The overall structure of the alpha  and beta  subunits (Fig. 3, A and B) is highly similar to those of the mitochondrial (7, 8) and the thermophilic subunits (10). As in the MF1 and TF1 structures (7-10), both subunits have almost identical folds and are arranged alternately about a central axis (Fig. 3C). Three different domains can be distinguished in each subunit: a N-terminal six-stranded beta -barrel (alpha 25-96 and beta 19-93), a central domain of beta -strands with associated alpha -helices that contains the nucleotide binding site (alpha 97-371 and beta 94-381), and a C-terminal alpha -helical bundle (alpha 372-501 and beta 382-485). In comparison with the mitochondrial enzyme, the chloroplast beta -subunit contains two insertions in the N-terminal beta -barrel domain (beta Lys39 and beta Gly56-Asn60), a single residue inserted in the central domain of the beta -subunit (beta Glu224), and a deletion of 8 residues between helix B and strand 6 in the central nucleotide binding domain of the alpha -subunit (alpha Lys187-Asp194).

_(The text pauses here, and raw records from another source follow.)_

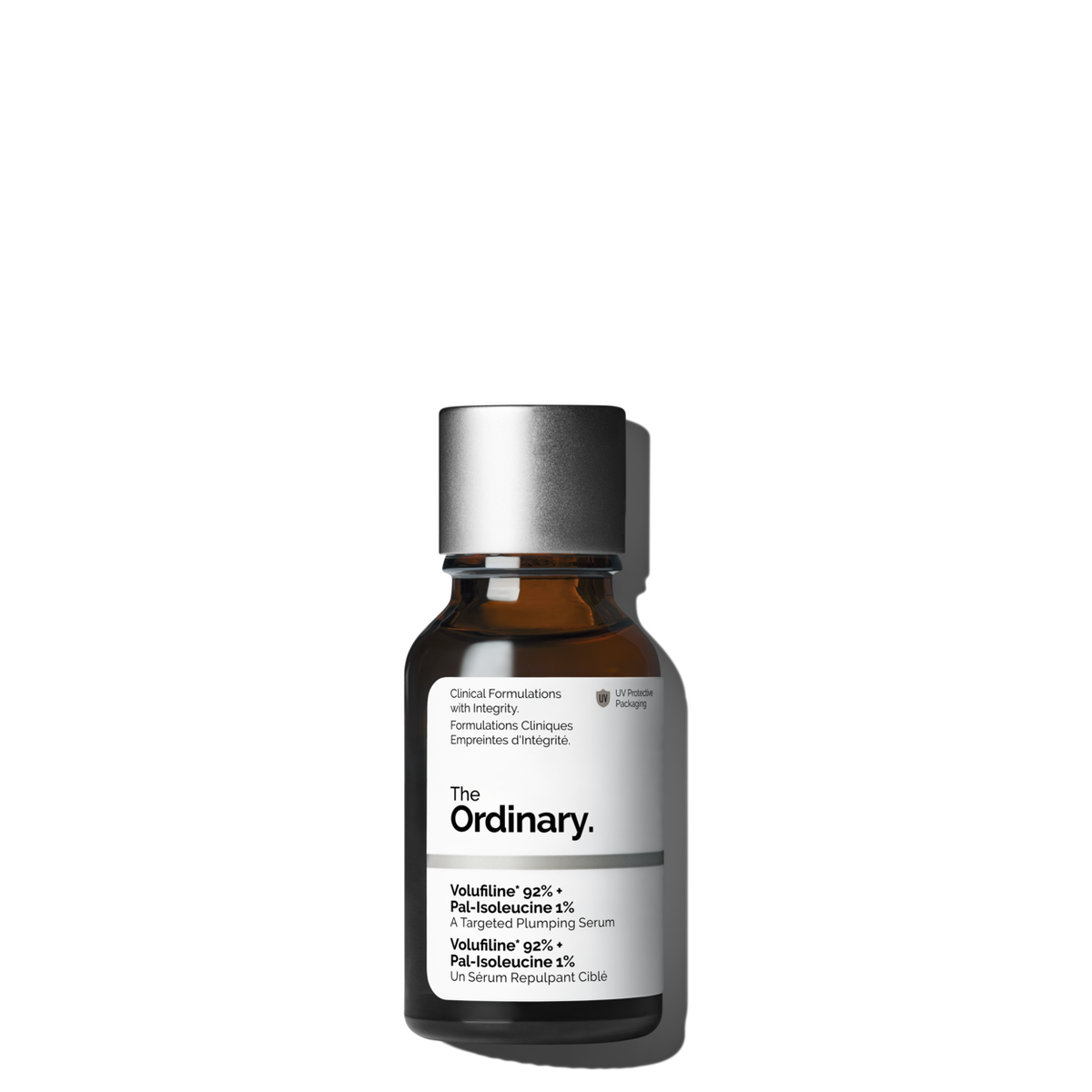 volufiline-92-pal-isoleucine-1-k0 ord-volufiline-92-pal-isoleucine-1-15ml.png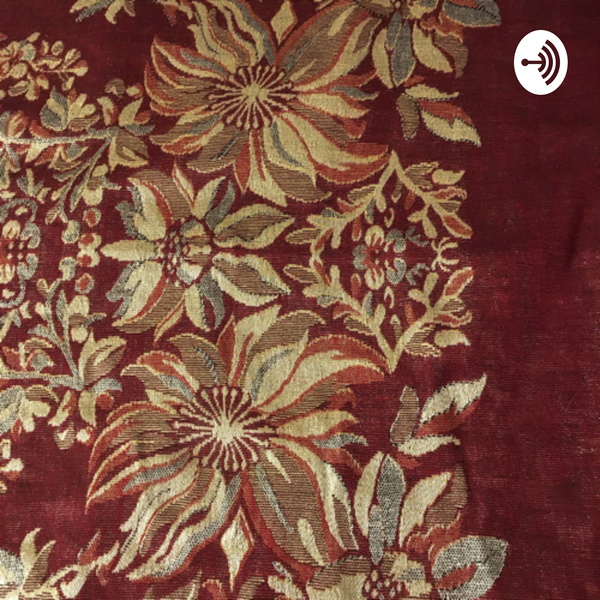 Artwork for One Woman’s Voice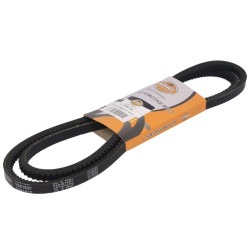 JCB 01/124404 Pasek wieloklinowy Anac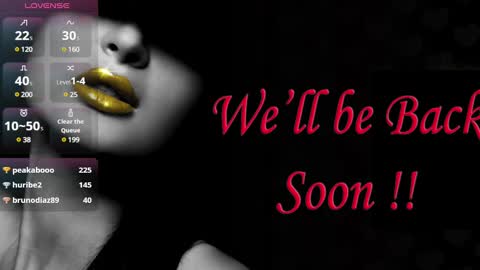 Snapshot of _jeniffer_hot chatting on 02.24.25 Jeniffer hot online show from 02.24.25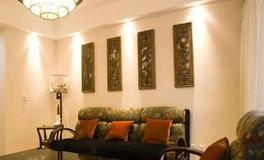 揭秘家居风水旺财格：这3种格局，让财运“住”进你家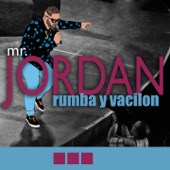 Rumba y Vacilón artwork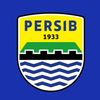 fans_persibb1919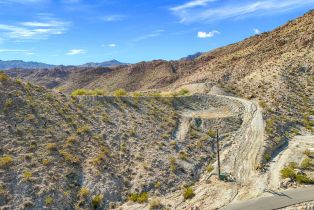 , 1 Oasis trl, Palm Desert, CA 92260 - 23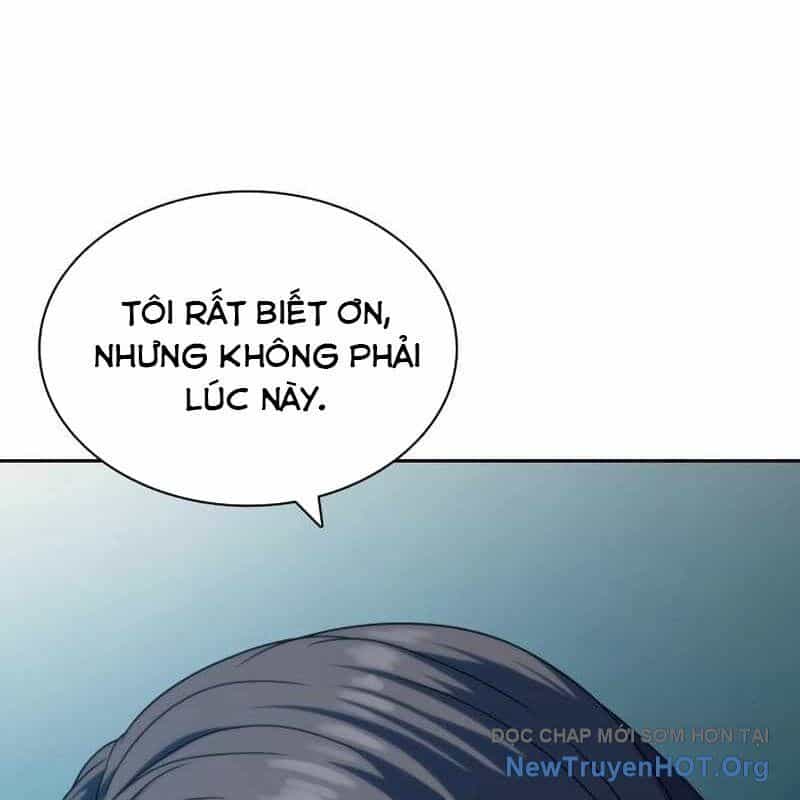 Hàn Băng Võ Giả - Chương 31 - ảnh 112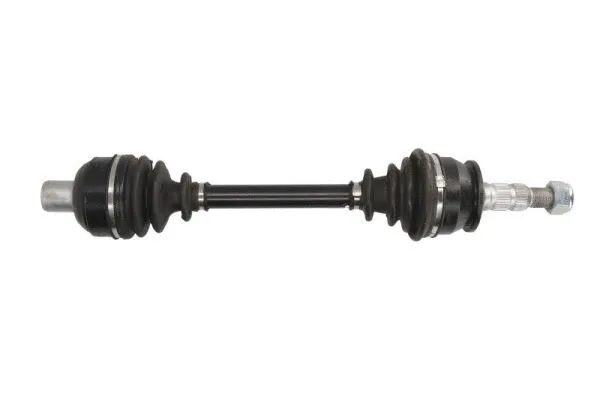 Arbre de transmission POINT GEAR PNG74793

The insertions beta Lys39 and beta Glu224 and the deletion in subunit alpha  show only minor effects on the structure. However, the insertion beta Gly56-Asn60, which is located in an extended loop between strands 3 and 4, seems to affect the structure of the chloroplast F1 complex. As shown in Fig. 3C the additional residues wrap up part of the beta -barrel domain of the adjacent alpha -subunit and appear to provide additional contacts, thereby increasing the stability of the CF1 crown region (Fig. 3C).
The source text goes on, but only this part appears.